[Required work]: Starting with the first line of the listing, quote each line exactly until and including the one with "In this video, we", leaving pictures out.

[Data]:
----------

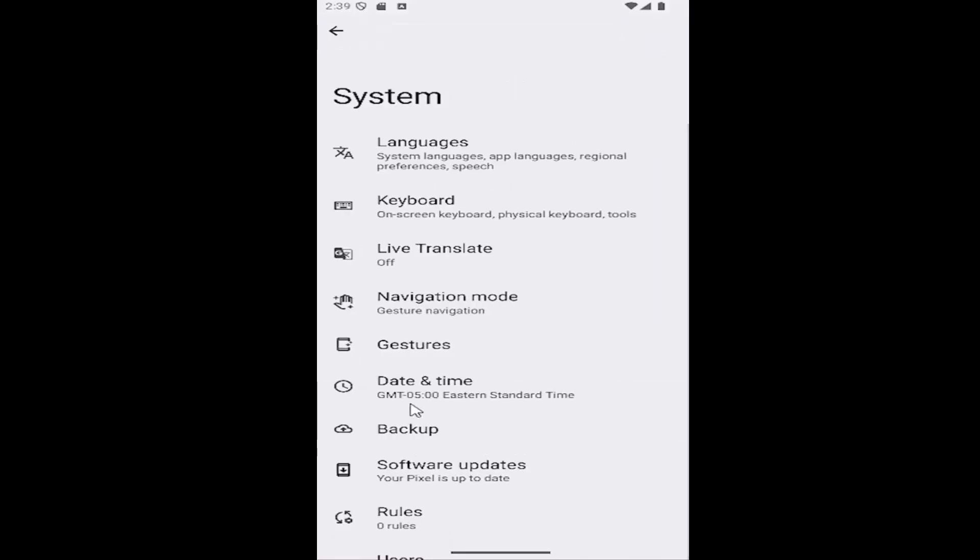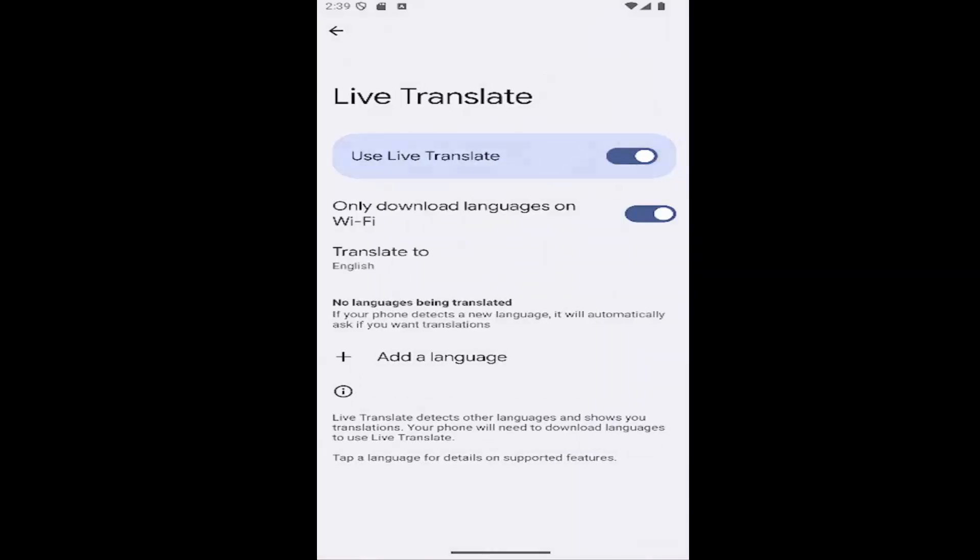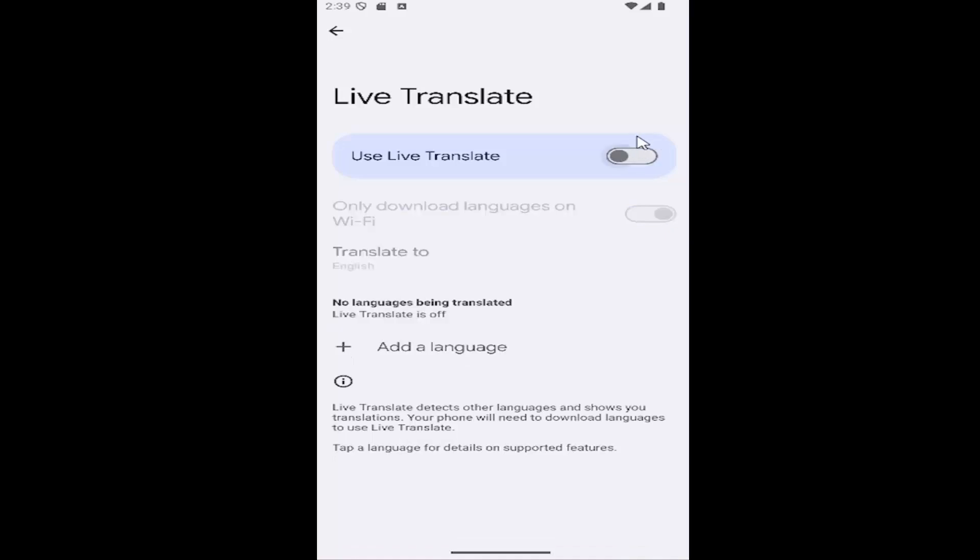Now that we're on this page, you want to select the live translate button. Where it says use live translate, make sure it's toggled to the left so it should be grayed out. Click inside the oval, make sure it's gray like you see on my screen.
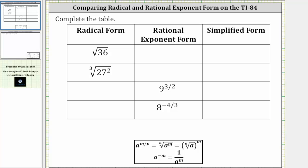In this video, we will convert between radical form and rational exponent form, and then evaluate the expressions on the TI-84.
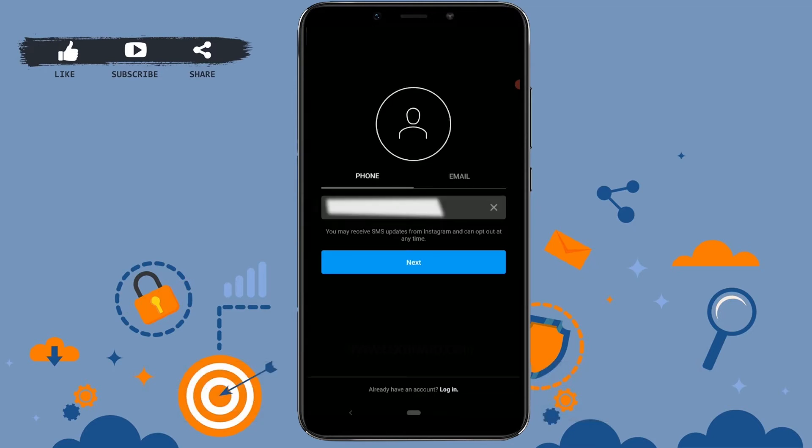Here you're gonna have two options: you can open an Instagram account through your phone number or through your email. Today in this video, I'm gonna teach you how to create your Instagram account using your phone number.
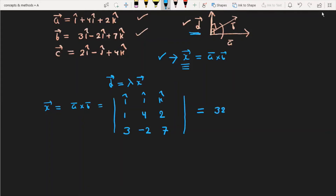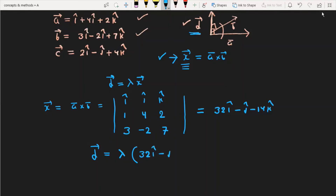Expanding the determinant, we get x equal to 32i minus j minus 14k. So vector d equals lambda times x, which is lambda times the vector 32i minus j minus 14k.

----------

[Answer to the problem]:
Now that we're on this page, you want to select the live translate button. Where it says use live translate, make sure it's toggled to the left so it should be grayed out. Click inside the oval, make sure it's gray like you see on my screen.
In this video, we will convert between radical form and rational exponent form, and then evaluate the expressions on the TI-84.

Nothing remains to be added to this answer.